その場合は早急に対処する必要があります。

1) 死亡診断書を紛失してしまったら?

紛失
死亡診断書について

被相続人が亡くなった場合、診察してもらった病院から発行してもらうのが死亡診断書です。
死亡診断書というのは、法律的には医師や歯科医師だけが作成・交付できる書類であり、その一方で担当医師は相続人などの遺族からの交付請求を拒否できない、とされています。
したがって死亡診断書をもらうには、一般的には病院や診療所などの医療機関の他に、介護老人保健施設などの介護関連施設などからも発行してもらうことができます。
死亡診断書は、死亡届と一緒に最寄りの役所に届け出ることになっており、その提出期は原則として「被相続人が亡くなった事実を知った日から7日以内」と定められています。

被相続人が亡くなった後、まずは葬儀を行うことが多いと思いますが、その場合は火葬許可書や埋葬許可書も必要です。
これらの書類は死亡届や死亡診断書を提出した後に交付されますので、できるだけ早い段階で申請することが大切です。
ただ被相続人が亡くなった後は様々な手続きが待っていますので、バタバタすることもあるでしょう。
ですのでその間に、以前いただいた死亡診断書を紛失してしまう可能性もあります。
死亡診断書を紛失してしまった場合には、再発行の手続きを行うことになります。

死亡診断書の再発行

死亡診断書は、原則的に通常は原本として1通のみが発行され、死亡届と一緒に役所に提出した後は返却されることはありません。
役所に死亡診断書を提出した以降は、原本の提出が求められるようなことは公的にはまずないからです。
その他の手続きとしては、生命保険金の請求や遺族年金の請求などで必要になる場合がありますが、そのときは役所が発行する死亡診断書の写しでも大丈夫です。
そのため遺族側も、通常は原本以外に請求することはありません。

ただ死亡届を提出する前に死亡診断書を紛失してしまうと、話は別になります。
コピーではなく原本を紛失してしまった場合には、再交付の手続きを行うことになります。
この点については、医師法にも規定があります。
医師法によると、医師は相続人などの遺族から再交付の請求があれば、その求めには応じなければならないとされています。
死亡診断書というのは最初に交付した死亡届を、役所に提出する前に紛失や盗難に遭うなどの止むを得ない事情を除いての再発行は、一般的にあり得ません。

ですのでたとえ対応してもらえても、発行までの時間や手数料などが変わる可能性があります。
もちろん病院によっては早急に対応してくれるところもあるかもしれませんが、すべての機関がそのように対応してくれるわけではありません。
医療機関によって色々と事情が異なりますので、紛失してしまった場合は早急に医療期間に連絡して対処してもらいましょう。

死亡診断書の発行料金

死亡診断書は公的な書類になりますが、発行料金については特に規定はありません。
そのため実際はそれぞれの医療機関や医療施設によってまちまちです。
高いところもあれば安いところもありますので、料金が気になる人は事前にチェックしておくといいでしょう。
大体の目安ですが、国公立病院や国公立大学附属病院などの公的な機関の場合の料金は、3,000~5,000円程度を見ておくといいでしょう。
中でも国立病院機構の団体に属する医療機関は、そのほとんどが一律3,240円(税込)となっているようです。

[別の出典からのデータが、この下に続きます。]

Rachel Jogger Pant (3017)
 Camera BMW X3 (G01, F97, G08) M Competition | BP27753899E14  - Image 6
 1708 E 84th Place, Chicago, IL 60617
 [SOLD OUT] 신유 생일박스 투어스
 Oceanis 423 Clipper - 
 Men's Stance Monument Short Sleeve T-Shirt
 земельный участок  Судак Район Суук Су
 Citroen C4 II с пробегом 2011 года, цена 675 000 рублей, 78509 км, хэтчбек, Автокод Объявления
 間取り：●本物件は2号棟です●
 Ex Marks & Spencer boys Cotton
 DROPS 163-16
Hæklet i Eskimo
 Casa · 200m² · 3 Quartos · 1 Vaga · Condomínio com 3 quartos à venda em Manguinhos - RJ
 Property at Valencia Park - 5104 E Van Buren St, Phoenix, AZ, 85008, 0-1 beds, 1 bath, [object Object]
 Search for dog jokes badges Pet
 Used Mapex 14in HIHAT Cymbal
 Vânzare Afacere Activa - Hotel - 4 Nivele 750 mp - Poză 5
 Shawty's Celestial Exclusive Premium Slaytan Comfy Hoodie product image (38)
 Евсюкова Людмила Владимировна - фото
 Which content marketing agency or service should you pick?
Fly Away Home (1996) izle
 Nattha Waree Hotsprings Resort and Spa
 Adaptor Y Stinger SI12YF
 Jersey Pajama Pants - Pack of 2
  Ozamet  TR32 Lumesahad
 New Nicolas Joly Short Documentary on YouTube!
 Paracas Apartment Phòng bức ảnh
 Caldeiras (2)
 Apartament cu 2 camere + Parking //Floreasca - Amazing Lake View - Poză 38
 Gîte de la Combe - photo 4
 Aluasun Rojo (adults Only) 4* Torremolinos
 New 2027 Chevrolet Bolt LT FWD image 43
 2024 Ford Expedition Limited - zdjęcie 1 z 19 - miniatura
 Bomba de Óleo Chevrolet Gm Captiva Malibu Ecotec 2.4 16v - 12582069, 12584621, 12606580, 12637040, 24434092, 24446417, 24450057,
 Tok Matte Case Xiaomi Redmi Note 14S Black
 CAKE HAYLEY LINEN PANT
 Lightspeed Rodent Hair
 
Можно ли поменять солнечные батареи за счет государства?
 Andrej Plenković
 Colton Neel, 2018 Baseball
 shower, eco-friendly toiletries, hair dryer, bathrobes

一方で私立の医療機関は、死亡診断書にかかる手数料を公表していないところも多くあり、実際の料金には大きな幅があるのが現実です。
例えば都内にある大きな病院の場合は、公的機関と大体同じ程度かやや高めに設定しているところが多いようです。
医療機関の場合は、他の診断書と同じように死亡診断書も保険が適用されません。
他に介護老人保健施設などで死亡診断書を発行してもらう人もいると思いますが、その場合の手数料は5,000~10,000円程度を見ておくといいでしょう。
そして再発行の場合も同じ程度の料金がかかりますので、死亡診断書を紛失してしまった方は規定の料金を用意しておきましょう。

2)死亡診断書の保存期間

死亡診断書の保存期間

医療機関が発行する書類にはそれぞれ保存機関があり、規定の機関が過ぎるとそのまま処分されることになります。

役所の死亡届

役所に提出される死亡届は、その左半分に死亡届が、右半分が死亡診断書になっています。
死亡届を提出した市区町村で診断書を請求すれば、届け出したコピーに対して、その役所が原本のコピーである旨を証明して発行してくれます。
その保存期間ですが、市区町村の場合は亡くなった方の本籍地であれば1ヶ月間、それ以外の場合は1年間です。
それ以上の期間を超えてしまうと、死亡届を提出された自治体を管轄している最寄りの地方法務局に移管されることになります。
その後はそこで保管されることになりますので、問い合わせは法務局にする必要が生じます。

病院で発行する死亡診断書

病院で発行する死亡診断書ですが、こちらは他の診断書と同じようにカルテがないと作成できません。
医療法ではカルテの法定保存期間を規定しており、それによると最低5年になっています。
ですのでその病院が、医療法の規定にしたがって処分していれば発行はできません。
しかし5年を超えても保管されていれば発行してもらえる可能性がありますので、問い合わせて確認してみましょう。
ちなみに診療の記録はカルテ以外にも、エックス線フィルム、照射録、処方せん、透析記録などがありますが、それらの保存期間は3年間となっています。
医療機関のカルテは保存期間が決まっていますが、カルテと同じように診療が継続していればそのまま保存の義務が続きます。

3)身寄りがない人の死亡診断書はどうする?

亡くなる人の中には、様々な事情で身寄りがない人もいます。
そのような身寄りのない人が亡くなった場合は、原則としてその地域の市町村が葬祭などを行うことになります。
被相続人が亡くなった際に本来は相続人が相続するべきですが、その肝心の相続人がいないか、あるいは存否が不明の場合には一旦市町村長が管理する仕組みになっています。
たとえその方に遺産があったしても、その遺産から治療費を勝手に徴収することはできませんので、病院から市町村長に全額を引渡します。

身寄りのない人が亡くなった病院から市町村に連絡すれば、葬祭などをしてくれます。
この場合は死亡診断書などの費用も負担してくれますが、亡くなった方に財産があればそちらから支出されます。
身寄りのない人の葬祭はしてもらえるかもしれませんが、その内容は最小限のものに限られます。
身寄りがない人が亡くなったときは、まずは最寄りの役所に連絡した方がいいでしょう。

大切な死亡診断書を紛失してしまった場合には、発行してもらった医療機関で再発行の手続きを行わなければなりません。
その場合は手数料が必要となりますので、最低限用意しておきましょう。
また死亡診断書には保存期間もあり、身寄りがない人の死亡診断書は市町村役場に連絡することになります。